Now his mother is a regular visitor to his large villa, complete with swimming pool, in a new California-style development called Saigon South, a short distance from the city now officially called Ho Chi Minh City.

Opening up to the world
In the years after the war, Vietnam had been largely closed to the world. They began to open around the time Thai returned, though it was a faltering process at first. Now it seems there is no turning back, with the economy growing at a blistering pace, second only to China in the region, with investors pouring in.

Since the country opened its door, young Vietnamese — half the country’s 85 million population are under 25 — have embraced the world at breakneck pace, with little concern about politics or the past. They are more likely to be found striking a deal over a latte than reminiscing about the war.

The face of change is everywhere, from plush new shopping malls to luxury foreign cars, sales of which are growing by twenty per cent a year. Ho Ch Minh City even has its first Hummer, which has been brought by a local travel company and is hired out for $250 a day.

It’s hardly the most practical car on streets clogged with motorcycles, but the machine that may be the ultimate symbol of American motoring excess is proving popular with the city’s new rich.
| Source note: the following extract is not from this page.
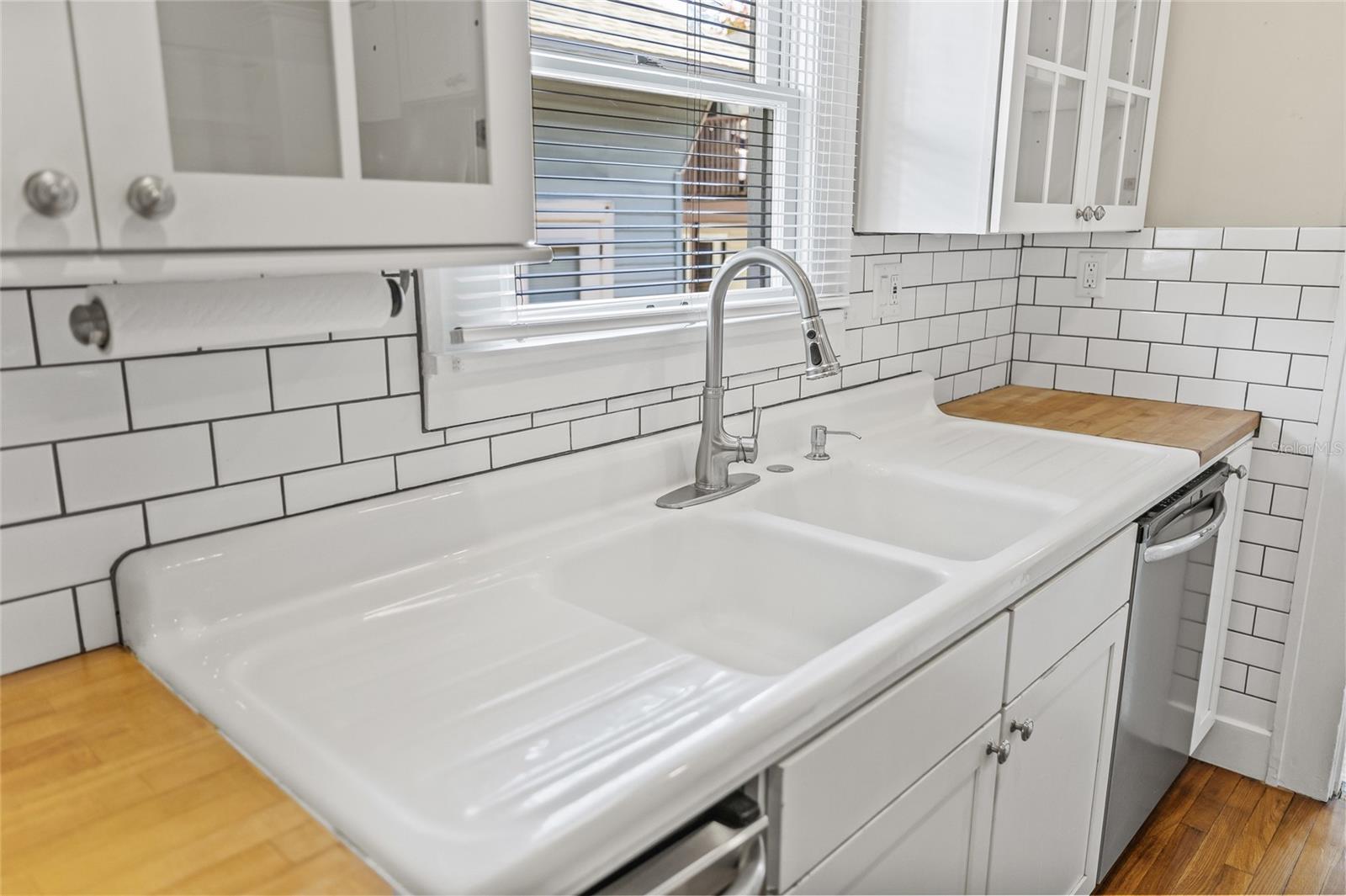 Classic Details in a Modern Kitchen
America is playing catch-up. In spite of the massive billion-dollar investment announced by Intel earlier this month, U.S. companies have been slow off the mark. The U.S. is ranked ninth in terms in the inward investment league, though this may understate the real total, since much investment is made through subsidiaries in Singapore or Hong Kong.

Two-way trade has ballooned to more than $8 billion, compared with just a billion in 2001, though this is massively in Vietnam’s favor.
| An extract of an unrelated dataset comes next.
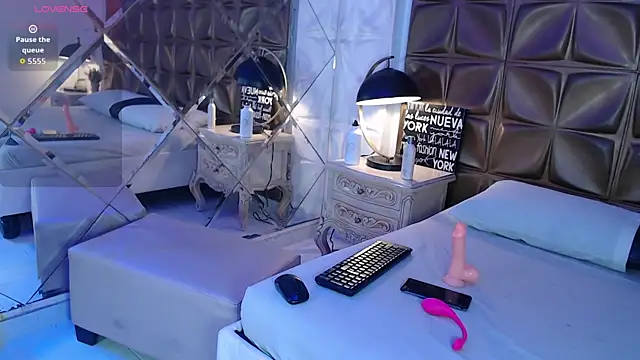 LunaJohns online show from 03/20/26, 12:39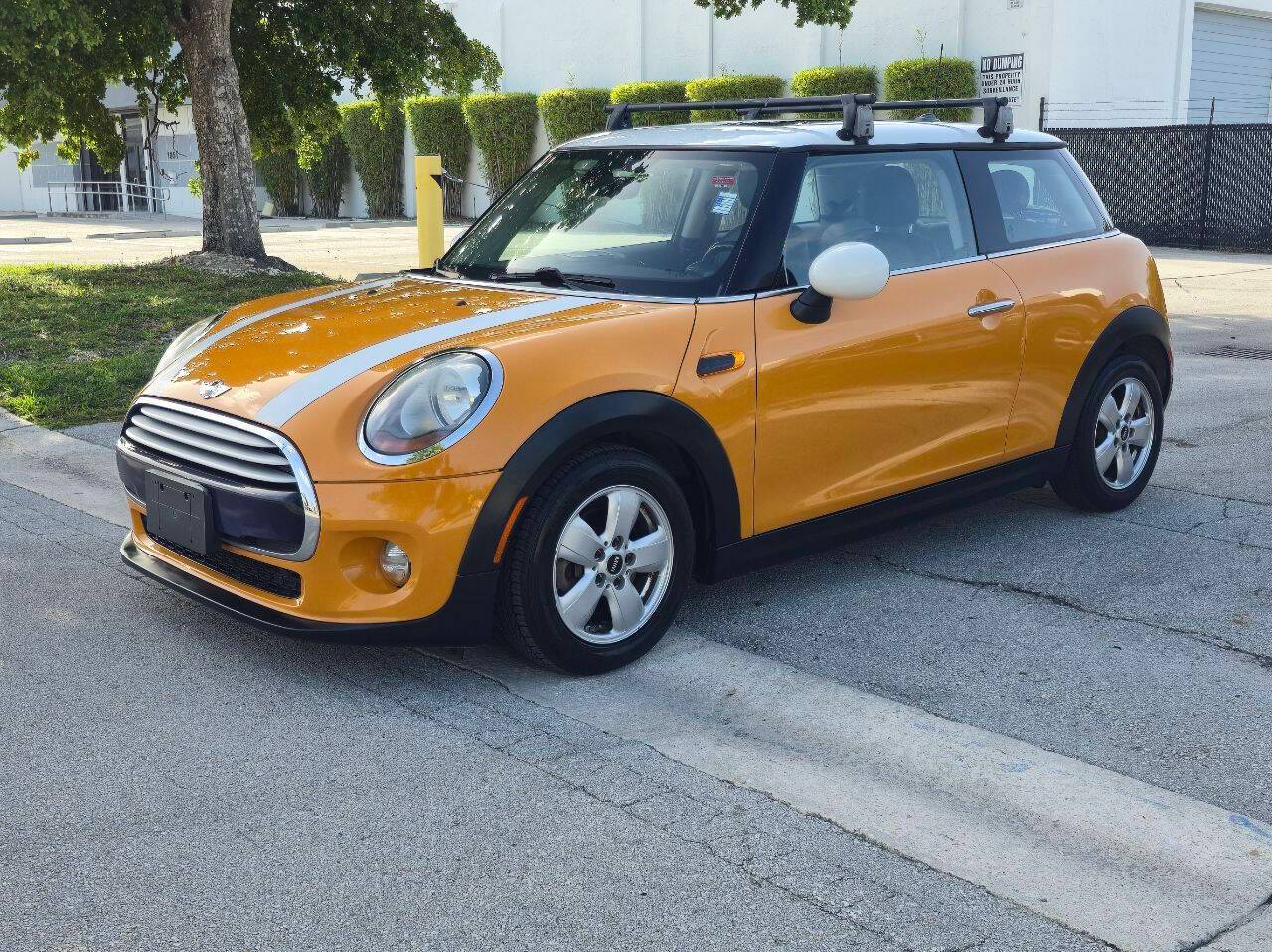 2015 MINI Hardtop Cooper — Hatchback — 77,312 mi — Hallandale Beach, FL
President Bush’s hosts have been disappointed by the failure in the House of Representatives last week of the Bill to normalize trading relations with Vietnam. Most American business people here find it very shortsighted, believing WTO entry will make Vietnam even more attractive a destination for business and that U.S. companies are well paced to take advantage of the huge anticipated demand for developing the country’s poor infrastructure.

“You can have an American-style business plan, American style structure, all implemented here with a very cooperative work force and a cooperative government,” insists Walter Blocker, who heads the American chamber of Commerce. His own business interests range from power station to cosmetics. He claims to have brought some of the first imported lipstick to the country in 1994; now that business is booming too.

He’s meeting President Bush this weekend.

Still a one-party communist state
In spite of its opening and embracing of the market, Vietnam remains a one-party communist state. Hanoi’s human rights record came under fire from Human Rights Watch a few days before the President’s visit.

But even those with good reason to be wary are very upbeat. Vietnamese like Phu Than, who was fourteen in 1975 when he and his family escaped on one of the last helicopters out of war-ravaged Saigon. How he’s country manager for Intel, and he says coming back was a “no-brainer.”

“Sixty percent of the population were born after the war. They have no recollection of the war. They are young, very forward-looking and very tech-savvy.”

Sales of computers and mobile phones, and the use of the Internet are expanding rapidly here.

“Societies change, relationships alter for the good,” said President Bush on his arrival in Vietnam. Even the most hawkish members of his administration probably recognize that in a world containing some pretty potent terrorist threats, hostility to Vietnam makes little sense, especially when the government here is so keen to reach out to Washington

Vietnam’s other attraction is that it is not China. Costs have been rising rapidly in China. By some measures labor costs are twice those in Vietnam. Many businesses are also wary of putting too many eggs in the Beijing basket. Friendship with Vietnam is also seen by many in the Bush administration as important in the growing rivalry between the U.S. and China for influence in the region.

Vietnam is seen as the next big thing, and there are a growing army of young consumers here ready to toast Asia’s newest tiger — with a cup of David Thai’s coffee.